- WHAT TO DO:
Print, exactly as they appear in the listing below, the lines from the line with "Avatar of Michael J Caboose" to the line with "Photo of property", with both end lines kept.

- EXERCISE DATA:
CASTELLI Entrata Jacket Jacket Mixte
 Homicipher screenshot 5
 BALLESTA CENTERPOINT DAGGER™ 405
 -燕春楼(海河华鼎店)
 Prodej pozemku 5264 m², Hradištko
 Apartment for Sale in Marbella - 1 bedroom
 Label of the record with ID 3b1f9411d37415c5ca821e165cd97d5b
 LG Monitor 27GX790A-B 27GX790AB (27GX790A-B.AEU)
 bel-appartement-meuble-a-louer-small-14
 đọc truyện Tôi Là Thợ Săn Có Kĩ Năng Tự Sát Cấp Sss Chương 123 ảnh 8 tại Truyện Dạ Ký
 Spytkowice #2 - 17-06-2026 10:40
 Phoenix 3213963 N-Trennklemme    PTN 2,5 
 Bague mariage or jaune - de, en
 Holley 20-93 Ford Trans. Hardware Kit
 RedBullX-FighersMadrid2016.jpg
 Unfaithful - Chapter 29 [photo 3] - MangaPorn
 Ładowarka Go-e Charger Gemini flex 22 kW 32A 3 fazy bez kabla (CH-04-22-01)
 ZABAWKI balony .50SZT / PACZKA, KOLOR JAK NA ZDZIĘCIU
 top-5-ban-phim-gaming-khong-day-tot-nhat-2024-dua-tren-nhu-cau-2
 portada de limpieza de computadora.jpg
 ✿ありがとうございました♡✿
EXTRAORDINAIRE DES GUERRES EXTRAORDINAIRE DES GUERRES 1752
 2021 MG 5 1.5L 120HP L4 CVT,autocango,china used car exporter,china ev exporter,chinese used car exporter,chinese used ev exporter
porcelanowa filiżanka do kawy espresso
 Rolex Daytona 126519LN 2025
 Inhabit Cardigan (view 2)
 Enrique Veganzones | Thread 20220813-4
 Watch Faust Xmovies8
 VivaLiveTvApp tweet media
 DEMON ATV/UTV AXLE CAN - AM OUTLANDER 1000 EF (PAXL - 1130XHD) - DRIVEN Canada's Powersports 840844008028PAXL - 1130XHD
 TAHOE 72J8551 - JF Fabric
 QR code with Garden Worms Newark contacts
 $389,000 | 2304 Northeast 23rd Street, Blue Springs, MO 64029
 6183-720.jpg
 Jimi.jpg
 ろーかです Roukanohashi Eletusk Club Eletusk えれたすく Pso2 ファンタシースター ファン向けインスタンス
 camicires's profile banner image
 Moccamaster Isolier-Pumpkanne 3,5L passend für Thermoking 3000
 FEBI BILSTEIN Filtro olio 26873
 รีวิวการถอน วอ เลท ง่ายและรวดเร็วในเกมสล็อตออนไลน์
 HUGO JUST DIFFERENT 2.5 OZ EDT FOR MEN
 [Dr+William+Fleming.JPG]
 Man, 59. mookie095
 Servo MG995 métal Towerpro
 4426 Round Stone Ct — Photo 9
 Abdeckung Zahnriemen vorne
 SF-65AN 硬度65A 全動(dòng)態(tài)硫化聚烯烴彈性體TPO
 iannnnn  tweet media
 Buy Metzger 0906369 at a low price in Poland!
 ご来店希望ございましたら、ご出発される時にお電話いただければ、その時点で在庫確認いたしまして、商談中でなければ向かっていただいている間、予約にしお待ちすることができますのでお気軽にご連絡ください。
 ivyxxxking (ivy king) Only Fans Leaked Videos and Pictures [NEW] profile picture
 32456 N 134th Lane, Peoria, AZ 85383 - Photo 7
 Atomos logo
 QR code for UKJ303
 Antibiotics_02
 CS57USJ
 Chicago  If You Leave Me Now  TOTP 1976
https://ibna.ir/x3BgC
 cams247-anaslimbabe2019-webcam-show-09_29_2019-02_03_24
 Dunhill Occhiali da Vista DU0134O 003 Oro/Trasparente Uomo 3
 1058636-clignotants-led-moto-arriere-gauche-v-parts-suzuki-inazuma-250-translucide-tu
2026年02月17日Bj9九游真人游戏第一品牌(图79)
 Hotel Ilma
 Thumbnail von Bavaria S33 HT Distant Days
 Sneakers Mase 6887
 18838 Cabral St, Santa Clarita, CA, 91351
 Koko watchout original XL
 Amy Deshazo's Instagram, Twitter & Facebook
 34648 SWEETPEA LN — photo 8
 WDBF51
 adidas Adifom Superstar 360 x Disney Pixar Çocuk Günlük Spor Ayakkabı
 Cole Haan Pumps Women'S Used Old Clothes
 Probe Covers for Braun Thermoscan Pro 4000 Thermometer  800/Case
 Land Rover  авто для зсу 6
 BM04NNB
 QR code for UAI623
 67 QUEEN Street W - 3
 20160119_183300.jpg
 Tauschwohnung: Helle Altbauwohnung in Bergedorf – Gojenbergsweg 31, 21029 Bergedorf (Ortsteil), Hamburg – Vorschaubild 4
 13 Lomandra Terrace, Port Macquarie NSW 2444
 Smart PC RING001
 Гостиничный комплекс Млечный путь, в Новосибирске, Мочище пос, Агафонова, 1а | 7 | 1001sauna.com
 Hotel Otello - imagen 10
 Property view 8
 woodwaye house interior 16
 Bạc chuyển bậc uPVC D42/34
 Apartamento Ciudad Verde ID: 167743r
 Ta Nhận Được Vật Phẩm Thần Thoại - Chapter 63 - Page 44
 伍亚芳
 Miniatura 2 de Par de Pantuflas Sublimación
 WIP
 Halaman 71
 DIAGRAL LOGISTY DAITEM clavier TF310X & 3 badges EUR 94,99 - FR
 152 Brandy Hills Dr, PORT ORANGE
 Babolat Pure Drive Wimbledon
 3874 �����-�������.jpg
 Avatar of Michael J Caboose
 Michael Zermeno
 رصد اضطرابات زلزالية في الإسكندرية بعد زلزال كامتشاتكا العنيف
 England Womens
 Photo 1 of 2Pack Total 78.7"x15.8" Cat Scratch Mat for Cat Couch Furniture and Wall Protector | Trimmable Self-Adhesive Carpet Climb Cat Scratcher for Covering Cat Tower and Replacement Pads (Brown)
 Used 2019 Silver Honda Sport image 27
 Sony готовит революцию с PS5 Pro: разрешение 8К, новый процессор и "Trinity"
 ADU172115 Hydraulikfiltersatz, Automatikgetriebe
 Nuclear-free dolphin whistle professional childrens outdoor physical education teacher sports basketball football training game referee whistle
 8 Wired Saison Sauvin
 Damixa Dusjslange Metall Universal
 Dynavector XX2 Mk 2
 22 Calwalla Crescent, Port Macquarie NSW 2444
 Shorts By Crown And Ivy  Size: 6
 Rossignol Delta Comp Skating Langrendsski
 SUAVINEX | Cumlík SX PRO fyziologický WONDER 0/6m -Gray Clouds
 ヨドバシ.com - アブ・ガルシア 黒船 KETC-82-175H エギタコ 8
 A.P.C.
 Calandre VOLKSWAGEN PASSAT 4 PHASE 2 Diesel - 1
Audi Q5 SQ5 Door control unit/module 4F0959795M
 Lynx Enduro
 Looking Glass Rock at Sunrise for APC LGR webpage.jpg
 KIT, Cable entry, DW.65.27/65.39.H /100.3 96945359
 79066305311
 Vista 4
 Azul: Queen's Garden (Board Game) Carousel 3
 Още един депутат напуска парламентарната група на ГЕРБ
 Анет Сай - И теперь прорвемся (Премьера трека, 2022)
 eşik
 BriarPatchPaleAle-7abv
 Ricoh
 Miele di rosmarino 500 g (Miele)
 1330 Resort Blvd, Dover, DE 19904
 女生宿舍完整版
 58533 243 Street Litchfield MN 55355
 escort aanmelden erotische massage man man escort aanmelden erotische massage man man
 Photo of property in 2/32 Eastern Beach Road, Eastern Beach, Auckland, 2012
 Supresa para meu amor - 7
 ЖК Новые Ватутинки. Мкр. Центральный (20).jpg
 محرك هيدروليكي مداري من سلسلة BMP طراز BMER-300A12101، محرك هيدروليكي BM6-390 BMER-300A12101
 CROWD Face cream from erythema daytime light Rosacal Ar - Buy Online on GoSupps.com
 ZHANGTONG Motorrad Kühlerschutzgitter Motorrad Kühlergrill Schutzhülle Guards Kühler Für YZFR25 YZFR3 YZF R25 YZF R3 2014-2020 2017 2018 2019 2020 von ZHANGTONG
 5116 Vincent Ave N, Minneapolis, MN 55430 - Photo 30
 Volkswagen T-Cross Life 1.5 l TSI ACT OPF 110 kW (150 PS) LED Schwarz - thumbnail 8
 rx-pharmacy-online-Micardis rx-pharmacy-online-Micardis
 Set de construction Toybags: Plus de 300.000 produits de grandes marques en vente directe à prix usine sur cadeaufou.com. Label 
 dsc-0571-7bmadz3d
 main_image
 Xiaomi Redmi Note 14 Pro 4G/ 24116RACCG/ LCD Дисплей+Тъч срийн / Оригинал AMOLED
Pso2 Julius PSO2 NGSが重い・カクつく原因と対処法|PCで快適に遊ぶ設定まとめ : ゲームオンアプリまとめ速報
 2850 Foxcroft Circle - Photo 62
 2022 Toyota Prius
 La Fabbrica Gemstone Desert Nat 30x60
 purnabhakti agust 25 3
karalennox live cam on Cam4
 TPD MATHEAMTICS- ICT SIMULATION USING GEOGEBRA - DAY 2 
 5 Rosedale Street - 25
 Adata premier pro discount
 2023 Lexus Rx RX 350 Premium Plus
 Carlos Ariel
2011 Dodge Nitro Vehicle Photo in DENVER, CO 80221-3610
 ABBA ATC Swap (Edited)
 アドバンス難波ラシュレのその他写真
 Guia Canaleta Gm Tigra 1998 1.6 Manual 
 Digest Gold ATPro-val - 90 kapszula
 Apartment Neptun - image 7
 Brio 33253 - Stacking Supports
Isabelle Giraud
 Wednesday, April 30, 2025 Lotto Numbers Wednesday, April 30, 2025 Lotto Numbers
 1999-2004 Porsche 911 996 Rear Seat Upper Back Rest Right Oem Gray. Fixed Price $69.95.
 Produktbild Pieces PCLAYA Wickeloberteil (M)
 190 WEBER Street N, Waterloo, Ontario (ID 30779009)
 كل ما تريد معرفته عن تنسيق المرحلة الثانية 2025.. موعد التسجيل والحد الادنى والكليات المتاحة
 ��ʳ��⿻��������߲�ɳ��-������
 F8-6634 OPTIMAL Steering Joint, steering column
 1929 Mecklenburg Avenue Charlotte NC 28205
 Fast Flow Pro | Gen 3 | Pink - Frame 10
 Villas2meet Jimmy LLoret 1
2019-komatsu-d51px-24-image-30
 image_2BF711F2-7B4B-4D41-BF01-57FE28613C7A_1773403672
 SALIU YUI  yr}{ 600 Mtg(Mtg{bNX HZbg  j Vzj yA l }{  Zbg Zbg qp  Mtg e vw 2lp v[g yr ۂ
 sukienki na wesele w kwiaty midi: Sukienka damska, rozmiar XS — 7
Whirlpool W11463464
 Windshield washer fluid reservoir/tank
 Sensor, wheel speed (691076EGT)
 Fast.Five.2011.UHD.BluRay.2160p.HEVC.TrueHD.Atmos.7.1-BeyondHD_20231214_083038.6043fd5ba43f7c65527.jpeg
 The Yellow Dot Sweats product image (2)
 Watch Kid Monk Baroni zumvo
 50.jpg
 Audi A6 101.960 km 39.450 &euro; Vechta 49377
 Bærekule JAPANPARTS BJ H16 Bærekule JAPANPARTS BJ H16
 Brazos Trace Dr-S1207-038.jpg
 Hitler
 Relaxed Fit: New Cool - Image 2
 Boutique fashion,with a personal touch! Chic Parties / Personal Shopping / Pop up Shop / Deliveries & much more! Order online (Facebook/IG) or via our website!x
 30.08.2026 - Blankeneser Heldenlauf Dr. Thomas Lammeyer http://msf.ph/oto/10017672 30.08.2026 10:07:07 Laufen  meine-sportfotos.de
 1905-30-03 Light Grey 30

- RESULT BELOW:
 Avatar of Michael J Caboose
 Michael Zermeno
 رصد اضطرابات زلزالية في الإسكندرية بعد زلزال كامتشاتكا العنيف
 England Womens
 Photo 1 of 2Pack Total 78.7"x15.8" Cat Scratch Mat for Cat Couch Furniture and Wall Protector | Trimmable Self-Adhesive Carpet Climb Cat Scratcher for Covering Cat Tower and Replacement Pads (Brown)
 Used 2019 Silver Honda Sport image 27
 Sony готовит революцию с PS5 Pro: разрешение 8К, новый процессор и "Trinity"
 ADU172115 Hydraulikfiltersatz, Automatikgetriebe
 Nuclear-free dolphin whistle professional childrens outdoor physical education teacher sports basketball football training game referee whistle
 8 Wired Saison Sauvin
 Damixa Dusjslange Metall Universal
 Dynavector XX2 Mk 2
 22 Calwalla Crescent, Port Macquarie NSW 2444
 Shorts By Crown And Ivy  Size: 6
 Rossignol Delta Comp Skating Langrendsski
 SUAVINEX | Cumlík SX PRO fyziologický WONDER 0/6m -Gray Clouds
 ヨドバシ.com - アブ・ガルシア 黒船 KETC-82-175H エギタコ 8
 A.P.C.
 Calandre VOLKSWAGEN PASSAT 4 PHASE 2 Diesel - 1
Audi Q5 SQ5 Door control unit/module 4F0959795M
 Lynx Enduro
 Looking Glass Rock at Sunrise for APC LGR webpage.jpg
 KIT, Cable entry, DW.65.27/65.39.H /100.3 96945359
 79066305311
 Vista 4
 Azul: Queen's Garden (Board Game) Carousel 3
 Още един депутат напуска парламентарната група на ГЕРБ
 Анет Сай - И теперь прорвемся (Премьера трека, 2022)
 eşik
 BriarPatchPaleAle-7abv
 Ricoh
 Miele di rosmarino 500 g (Miele)
 1330 Resort Blvd, Dover, DE 19904
 女生宿舍完整版
 58533 243 Street Litchfield MN 55355
 escort aanmelden erotische massage man man escort aanmelden erotische massage man man
 Photo of property in 2/32 Eastern Beach Road, Eastern Beach, Auckland, 2012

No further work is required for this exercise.